The plot of Ridley Scott’s sci-fi film Prometheus–a sprawling exploration of the origins of man–may have raised some questions but the movie’s marketing campaign was, unquestionably, one of the most original and absorbing in recent memory. Ignition Interactive, the creative agency behind much of the Hunger Games’ online campaign (previously profiled on Co.Create), designed and executed a similarly complex and bar-raising effort that aimed to engage potential moviegoers in the mysterious world of Prometheus by utilizing bespoke content and some previously unexploited avenues for marketing.
While The Hunger Games had a rabid and active fanbase from the books long before that movie came along, Prometheus’ pre-existing fanbase was much smaller and less obvious. Film geeks and fans of Scott’s 1979 film,Alien (for which Prometheus is a prequel of sorts) form a dedicated core that Ignition was charged with expanding. The L.A.-based company did so by employing some of the tactics from the Hunger Games campaign as well as a number of new ones.

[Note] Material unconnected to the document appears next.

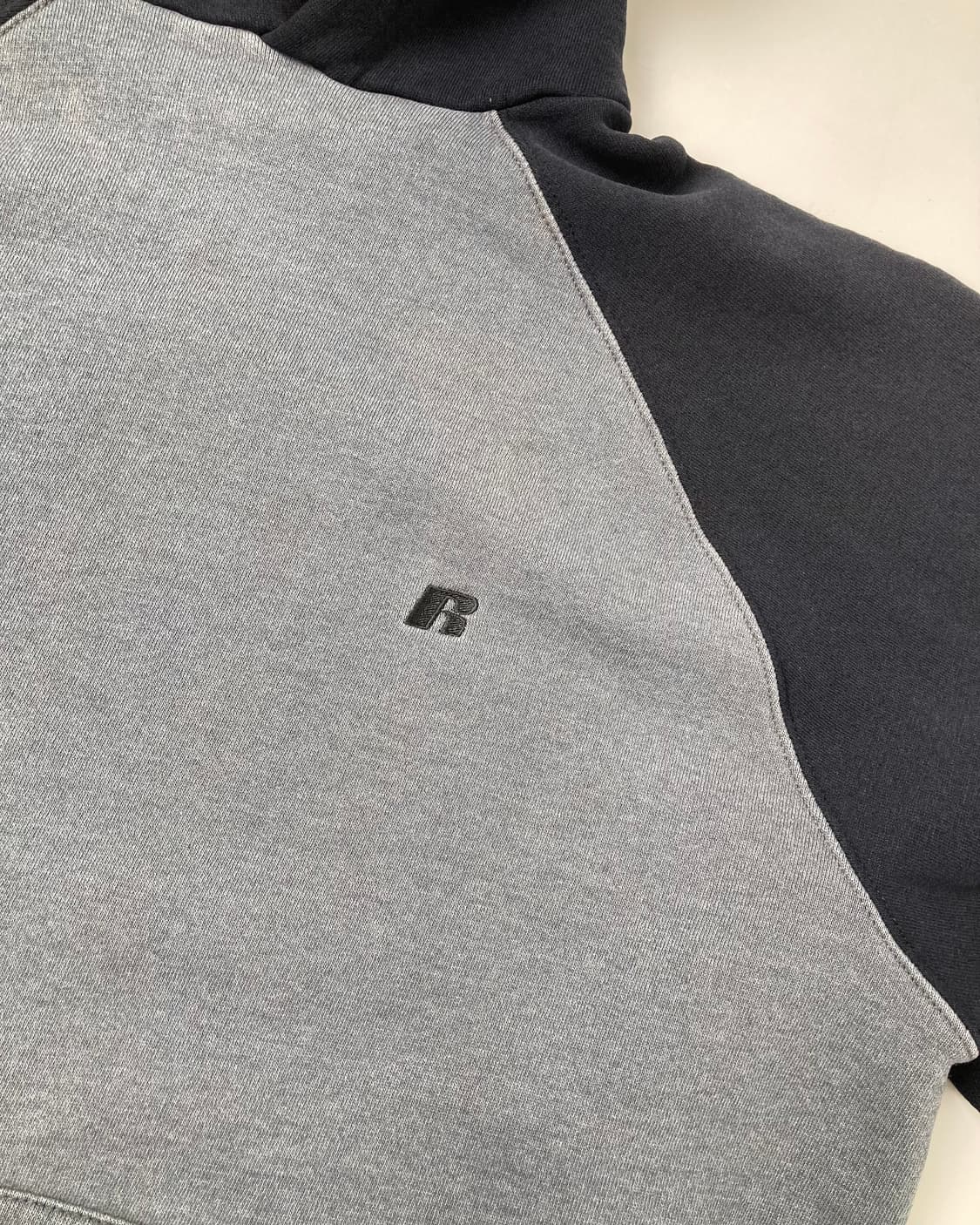 00s Russell Hoodie (grey/black) 상품이미지6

In the words of Ignition Creative Director Chris Eyerman, the first goal of the campaign was to “blur the boundaries between content and marketing, fiction and reality, story and game. It can be blurred to the point of invisibility, creating a holistic narrative experience that entertains and engages regardless of platform.”

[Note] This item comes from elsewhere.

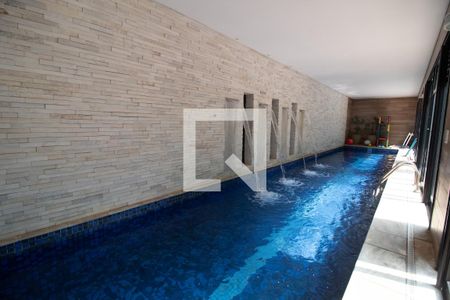 Apartamento à venda com 215m², 2 quartos e 3 vagasÁrea comum - Piscina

Here, Eyerman tells Co.Create how he and his team of 15-20 people accomplished that.
Surprise! Peter Debuts at TED
“My name is Peter Weyland, and if you’ll indulge me, I’d like to change the world.” With that declaration, the marketing campaign was in full swing. Weyland, as played in the film by Guy Pearce, was speaking via video in a TED Talk from the future. 2023, to be exact (incidentally, the TED video shows Weyland at a time in his life that’s never shown in the movie. InPrometheus, Weyland appears as an old man). The TED Talk, which ran on TED’s blog, was an idea that came from co-screenwriter Damon Lindelof (Lost), and was produced out of Scott’s production company, RSA.
“If you want to score a hit, aim where nobody is expecting,” says Eyerman. And nobody was expecting anything from TED. The fascinating, expertly produced TED Talk was done in TED’s riveting, crowd-pleasing style, and lent an air of authenticity to the launch. It also drove viewers to the campaign’s hub; the video’s endplate announced a new website for Weyland Industries. That high end, bespoke piece of content set the tone for the campaign that would have a few other surprises in store for intrigued audiences.